Beyond symmetrization: effective adjacency matrices and renormalization for (un)singed directed graphs

TL;DR

This paper introduces effective adjacency matrices derived from deformed Laplacian operators for directed and signed graphs, enabling the use of undirected graph tools and methods.

Contribution

It defines effective adjacency matrices from deformed Laplacians, bridging directed/signed graphs with undirected graph analysis tools.

Findings

Effective matrices map complex graphs to undirected equivalents.

Hodge-Helmholtz decomposition aids in understanding operator interplay.

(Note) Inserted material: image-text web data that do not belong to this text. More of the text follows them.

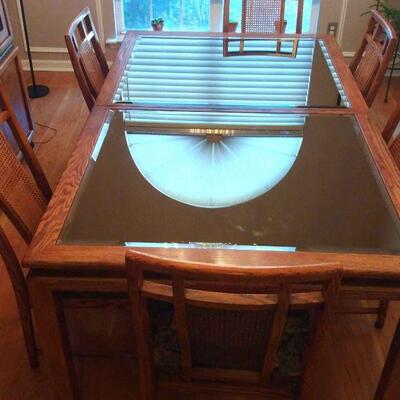 Century Furniture Co. Hickory NC. Dining Room Table With Six Chairs
https://ctbids.com/estate-sale/17278/item/1695627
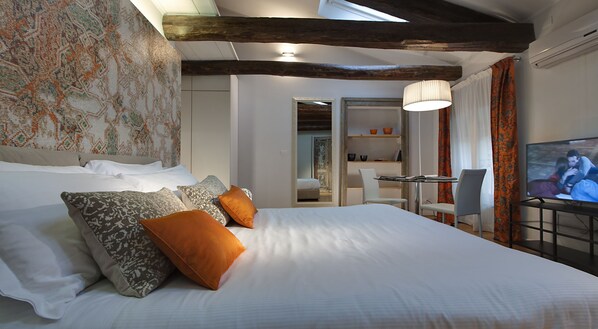 In-room safe, desk, soundproofing, free WiFi - Piazza Vittorio Suites (Turin)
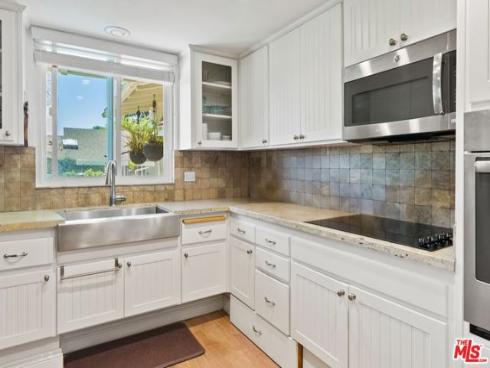 395  Avenida Castilla  B , Laguna Woods, CA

Facilitates application of undirected graph measures to directed/signed graphs.

Abstract

To address the peculiarities of directed and/or signed graphs, new Laplacian operators have emerged. For instance, in the case of directionality, we encounter the magnetic operator, dilation (which is underexplored), operators based on random walks, and so forth. The definition of these new operators leads to the need for new studies and concepts, and consequently, the development of new computational tools. But is this really necessary? In this work, we define the concept of effective adjacency matrices that arise from the definition of deformed Laplacian operators such as magnetic, dilation, and signal. These effective matrices allow mapping generic graphs to a family of unsigned, undirected graphs, enabling the application of the well-explored toolkit of measures, machine learning methods, and renormalization groups of undirected graphs. To explore the interplay between deformed operators and effective matrices, we show how the Hodge-Helmholtz decomposition can assist us in navigating this complexity.